Fliers and promotional material inviting people to “test drive” homes and neighborhoods can be found on buildings in Manhattan, including Sutton Manor on East 53rd Street, 99 John Street, the Revere on East 54th Street and Morgan Court on Madison Avenue. In Brooklyn, the BridgeView Tower and the Decora are among those with this option, in addition to Northside Piers. Both sale prices and rents are often included in the listings.
The rent-to-own concept represents “a change in mind-set” during these tough economic times, said Jonathan J. Miller, a founder and the president of the Miller Samuel real estate appraisal firm. “The longer this drags out, the more acceptable this option becomes; this is just evolving,” he said.
The last time lease-purchase options were seen with any frequency in the New York area was in the late ’80s and early ’90s — a time when market conditions may have been even more dire than they are now, according to veteran real estate professionals, and certainly a time when interest rates were a lot higher.
“That period of time was a very severe downturn,” Mr. Miller said. “The market had about seven years of surplus inventory to be absorbed. In the period we’re in now, we have 7.9 months of inventory. We’re clearly going into a weak economic period but going into it with relative strength.”
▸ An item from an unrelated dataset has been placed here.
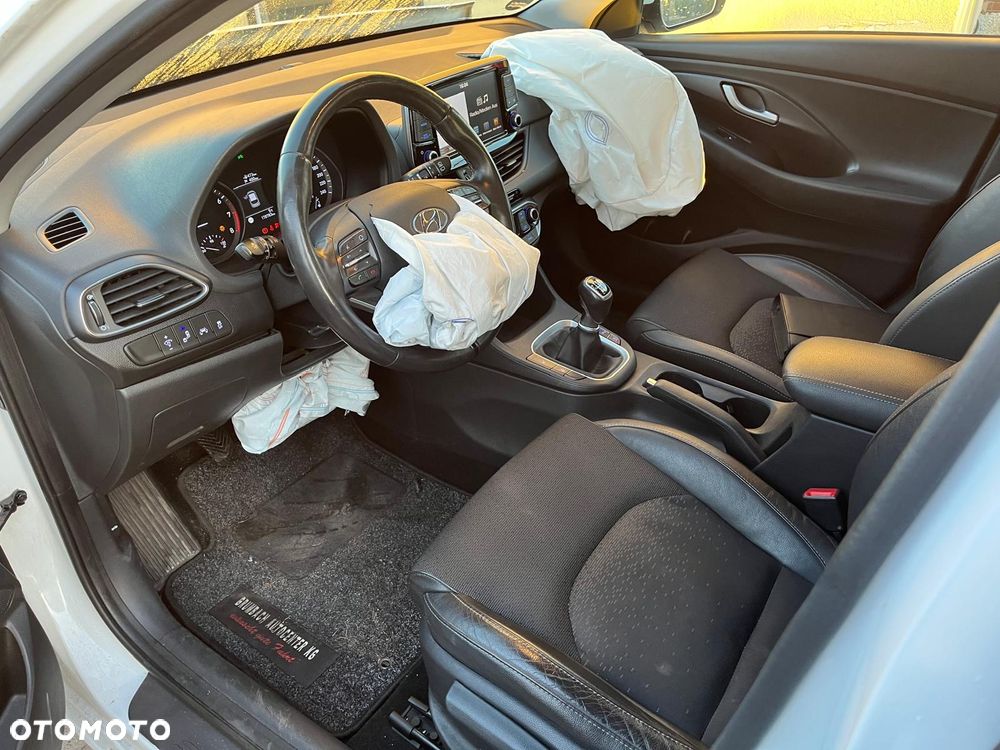 Hyundai i30 1.4 T-GDI Premiere Luxury - 8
Klara Madlin, the owner of Klara Madlin Real Estate in Manhattan, offered similar observations, and recalled handling a few lease-purchase deals in those dicey decades.
How many of these lessees ultimately bought their apartments back then? “I would say maybe 5 percent — not a lot,” Ms. Madlin said, noting that hard numbers are difficult to come by. Conversion rates were low, she said, “because the people generally who were renting to buy couldn’t really afford to buy.”
“I think it might be different this time around,” she said.
Renting to own can be attractive for both sides of a real estate transaction. It brings cash flow to properties that otherwise might be stagnant. And buyers lacking adequate down payments (perhaps because of stock losses), struggling with poor credit, or even recovering from a recent foreclosure, can build up savings and rebuild creditworthiness in order to get a mortgage.
For Simon Hall, a 40-year-old technology specialist from Britain, it is a means of establishing a credit history in this country and paving the path to eventual homeownership for himself and his American girlfriend, Vishma Victor, 28.